MATERIAL SHOWN
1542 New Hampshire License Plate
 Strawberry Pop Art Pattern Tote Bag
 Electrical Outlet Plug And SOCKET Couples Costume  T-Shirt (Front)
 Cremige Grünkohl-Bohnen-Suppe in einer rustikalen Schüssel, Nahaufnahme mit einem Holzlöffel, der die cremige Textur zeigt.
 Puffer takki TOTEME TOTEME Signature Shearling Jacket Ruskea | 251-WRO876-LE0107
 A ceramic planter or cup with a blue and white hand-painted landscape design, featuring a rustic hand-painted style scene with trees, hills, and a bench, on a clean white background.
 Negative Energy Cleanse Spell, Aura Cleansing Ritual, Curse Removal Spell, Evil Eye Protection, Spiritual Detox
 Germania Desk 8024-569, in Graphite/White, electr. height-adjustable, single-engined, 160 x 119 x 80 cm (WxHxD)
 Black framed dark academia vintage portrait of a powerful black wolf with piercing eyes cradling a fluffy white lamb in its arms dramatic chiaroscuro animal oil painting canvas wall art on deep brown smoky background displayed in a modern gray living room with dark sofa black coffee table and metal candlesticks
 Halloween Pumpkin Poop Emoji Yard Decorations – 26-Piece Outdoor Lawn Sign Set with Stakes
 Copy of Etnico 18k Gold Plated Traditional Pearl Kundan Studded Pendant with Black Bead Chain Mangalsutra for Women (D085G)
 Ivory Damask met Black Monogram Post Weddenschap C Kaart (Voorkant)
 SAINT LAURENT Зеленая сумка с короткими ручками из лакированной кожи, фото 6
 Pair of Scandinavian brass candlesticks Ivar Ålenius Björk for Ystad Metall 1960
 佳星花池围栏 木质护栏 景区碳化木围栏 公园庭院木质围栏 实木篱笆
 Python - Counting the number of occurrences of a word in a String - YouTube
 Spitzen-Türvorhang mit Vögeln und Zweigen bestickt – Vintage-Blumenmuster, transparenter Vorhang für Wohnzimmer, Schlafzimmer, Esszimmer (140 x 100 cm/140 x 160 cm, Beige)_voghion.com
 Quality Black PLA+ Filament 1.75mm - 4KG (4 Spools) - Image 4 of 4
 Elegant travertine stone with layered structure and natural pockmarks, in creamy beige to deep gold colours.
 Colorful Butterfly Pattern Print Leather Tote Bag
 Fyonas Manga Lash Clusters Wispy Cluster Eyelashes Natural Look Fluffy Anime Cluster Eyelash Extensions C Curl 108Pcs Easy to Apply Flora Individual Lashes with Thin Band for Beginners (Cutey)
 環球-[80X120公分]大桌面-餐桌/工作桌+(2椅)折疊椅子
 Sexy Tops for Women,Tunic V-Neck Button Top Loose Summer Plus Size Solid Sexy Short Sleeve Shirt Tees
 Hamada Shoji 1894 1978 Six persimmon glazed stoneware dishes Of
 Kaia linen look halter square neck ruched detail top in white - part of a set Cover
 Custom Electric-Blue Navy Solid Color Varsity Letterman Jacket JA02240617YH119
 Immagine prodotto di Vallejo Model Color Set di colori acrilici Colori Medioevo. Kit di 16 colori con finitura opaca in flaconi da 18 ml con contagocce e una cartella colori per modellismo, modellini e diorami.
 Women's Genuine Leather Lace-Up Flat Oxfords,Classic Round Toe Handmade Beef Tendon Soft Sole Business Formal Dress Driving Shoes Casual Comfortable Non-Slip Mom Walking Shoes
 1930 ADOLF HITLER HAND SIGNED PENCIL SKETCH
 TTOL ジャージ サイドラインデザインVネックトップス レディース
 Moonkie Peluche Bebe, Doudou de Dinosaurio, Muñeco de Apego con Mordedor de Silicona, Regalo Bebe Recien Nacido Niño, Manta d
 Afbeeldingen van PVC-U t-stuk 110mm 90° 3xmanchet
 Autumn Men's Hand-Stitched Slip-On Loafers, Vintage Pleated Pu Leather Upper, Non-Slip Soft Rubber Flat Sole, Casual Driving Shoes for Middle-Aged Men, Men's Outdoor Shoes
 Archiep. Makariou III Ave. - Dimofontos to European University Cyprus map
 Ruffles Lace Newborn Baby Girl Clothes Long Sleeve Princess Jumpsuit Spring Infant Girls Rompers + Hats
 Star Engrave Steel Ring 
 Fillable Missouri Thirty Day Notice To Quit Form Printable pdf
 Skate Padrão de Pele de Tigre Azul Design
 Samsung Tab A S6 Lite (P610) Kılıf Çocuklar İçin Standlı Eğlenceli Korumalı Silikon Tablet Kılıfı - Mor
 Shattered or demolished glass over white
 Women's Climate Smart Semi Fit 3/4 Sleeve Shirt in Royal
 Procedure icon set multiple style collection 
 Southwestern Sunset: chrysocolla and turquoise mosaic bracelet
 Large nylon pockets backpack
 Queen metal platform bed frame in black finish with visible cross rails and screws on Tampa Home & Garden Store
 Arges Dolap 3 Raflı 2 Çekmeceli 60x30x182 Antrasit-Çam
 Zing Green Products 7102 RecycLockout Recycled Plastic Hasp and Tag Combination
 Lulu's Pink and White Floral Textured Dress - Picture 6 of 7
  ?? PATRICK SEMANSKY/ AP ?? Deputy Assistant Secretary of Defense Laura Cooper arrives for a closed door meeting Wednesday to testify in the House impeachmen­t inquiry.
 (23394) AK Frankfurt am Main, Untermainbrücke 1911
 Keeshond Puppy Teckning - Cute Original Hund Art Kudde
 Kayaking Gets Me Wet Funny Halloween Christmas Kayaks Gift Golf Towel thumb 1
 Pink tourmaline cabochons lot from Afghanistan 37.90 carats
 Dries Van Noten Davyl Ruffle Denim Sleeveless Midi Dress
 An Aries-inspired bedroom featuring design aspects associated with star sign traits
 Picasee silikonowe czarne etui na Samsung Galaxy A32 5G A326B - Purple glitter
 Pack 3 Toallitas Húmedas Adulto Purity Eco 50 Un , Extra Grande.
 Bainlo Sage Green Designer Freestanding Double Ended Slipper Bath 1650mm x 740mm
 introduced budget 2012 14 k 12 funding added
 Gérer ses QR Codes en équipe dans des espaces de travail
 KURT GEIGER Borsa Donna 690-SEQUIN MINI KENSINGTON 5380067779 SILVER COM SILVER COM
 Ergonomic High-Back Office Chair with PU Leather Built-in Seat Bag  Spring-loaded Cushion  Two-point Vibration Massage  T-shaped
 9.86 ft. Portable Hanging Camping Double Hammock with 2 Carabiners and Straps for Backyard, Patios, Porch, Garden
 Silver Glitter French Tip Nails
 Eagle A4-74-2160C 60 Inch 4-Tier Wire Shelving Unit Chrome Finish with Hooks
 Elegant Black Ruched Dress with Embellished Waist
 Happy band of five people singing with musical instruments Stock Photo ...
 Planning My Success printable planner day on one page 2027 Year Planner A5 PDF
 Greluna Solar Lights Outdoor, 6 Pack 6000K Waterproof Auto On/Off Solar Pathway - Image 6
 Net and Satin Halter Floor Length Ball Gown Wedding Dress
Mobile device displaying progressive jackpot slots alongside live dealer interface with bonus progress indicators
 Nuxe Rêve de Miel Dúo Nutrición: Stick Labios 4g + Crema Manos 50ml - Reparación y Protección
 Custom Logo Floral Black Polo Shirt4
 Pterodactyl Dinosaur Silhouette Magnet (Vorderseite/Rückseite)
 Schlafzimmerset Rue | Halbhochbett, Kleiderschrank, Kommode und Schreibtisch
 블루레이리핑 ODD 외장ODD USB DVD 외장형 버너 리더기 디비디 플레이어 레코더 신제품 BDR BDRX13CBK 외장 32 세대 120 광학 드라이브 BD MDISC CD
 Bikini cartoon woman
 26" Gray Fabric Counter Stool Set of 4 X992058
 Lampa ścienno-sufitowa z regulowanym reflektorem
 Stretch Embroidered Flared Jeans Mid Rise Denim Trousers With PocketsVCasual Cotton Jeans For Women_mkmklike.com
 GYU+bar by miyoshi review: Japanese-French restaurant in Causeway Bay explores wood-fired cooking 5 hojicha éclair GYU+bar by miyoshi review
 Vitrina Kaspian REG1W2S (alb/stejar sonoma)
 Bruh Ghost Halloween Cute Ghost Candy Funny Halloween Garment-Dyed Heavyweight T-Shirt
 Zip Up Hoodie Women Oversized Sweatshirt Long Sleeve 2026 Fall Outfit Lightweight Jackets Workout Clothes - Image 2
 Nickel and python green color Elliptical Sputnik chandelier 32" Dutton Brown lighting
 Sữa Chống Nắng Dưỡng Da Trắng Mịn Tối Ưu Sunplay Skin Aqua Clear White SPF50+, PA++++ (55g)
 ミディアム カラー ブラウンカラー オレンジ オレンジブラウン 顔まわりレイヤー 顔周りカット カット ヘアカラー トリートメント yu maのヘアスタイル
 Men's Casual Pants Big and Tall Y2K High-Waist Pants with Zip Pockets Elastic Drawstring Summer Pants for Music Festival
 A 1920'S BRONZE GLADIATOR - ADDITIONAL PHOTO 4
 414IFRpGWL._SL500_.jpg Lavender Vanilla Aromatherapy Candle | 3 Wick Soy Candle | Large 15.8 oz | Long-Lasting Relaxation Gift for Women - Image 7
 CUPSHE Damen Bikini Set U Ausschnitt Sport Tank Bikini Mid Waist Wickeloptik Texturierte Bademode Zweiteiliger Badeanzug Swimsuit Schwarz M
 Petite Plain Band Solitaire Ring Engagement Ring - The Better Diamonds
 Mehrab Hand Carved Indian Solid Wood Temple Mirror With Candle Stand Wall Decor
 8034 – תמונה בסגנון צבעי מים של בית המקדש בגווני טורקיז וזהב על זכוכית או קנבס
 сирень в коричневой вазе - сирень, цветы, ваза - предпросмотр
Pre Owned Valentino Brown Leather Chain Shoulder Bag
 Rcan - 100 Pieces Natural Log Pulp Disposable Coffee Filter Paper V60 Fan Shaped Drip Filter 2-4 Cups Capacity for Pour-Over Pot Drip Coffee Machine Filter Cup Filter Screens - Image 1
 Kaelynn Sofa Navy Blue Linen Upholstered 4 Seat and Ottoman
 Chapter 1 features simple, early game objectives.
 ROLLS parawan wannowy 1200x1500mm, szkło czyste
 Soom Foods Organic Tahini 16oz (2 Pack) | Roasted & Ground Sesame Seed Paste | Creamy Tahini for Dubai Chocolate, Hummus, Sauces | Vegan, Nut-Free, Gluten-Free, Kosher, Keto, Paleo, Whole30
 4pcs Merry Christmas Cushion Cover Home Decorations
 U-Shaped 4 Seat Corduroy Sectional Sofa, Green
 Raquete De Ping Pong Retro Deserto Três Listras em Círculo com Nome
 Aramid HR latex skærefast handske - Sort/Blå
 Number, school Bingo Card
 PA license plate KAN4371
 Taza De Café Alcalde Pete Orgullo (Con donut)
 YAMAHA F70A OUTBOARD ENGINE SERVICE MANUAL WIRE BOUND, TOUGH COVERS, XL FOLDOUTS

GOAL OF THE EXERCISE
Could you copy each line from the listing that has the word "Dress" in it?

RESPONSE AREA
 Women's Genuine Leather Lace-Up Flat Oxfords,Classic Round Toe Handmade Beef Tendon Soft Sole Business Formal Dress Driving Shoes Casual Comfortable Non-Slip Mom Walking Shoes
 Lulu's Pink and White Floral Textured Dress - Picture 6 of 7
 Dries Van Noten Davyl Ruffle Denim Sleeveless Midi Dress
 Elegant Black Ruched Dress with Embellished Waist
 Net and Satin Halter Floor Length Ball Gown Wedding Dress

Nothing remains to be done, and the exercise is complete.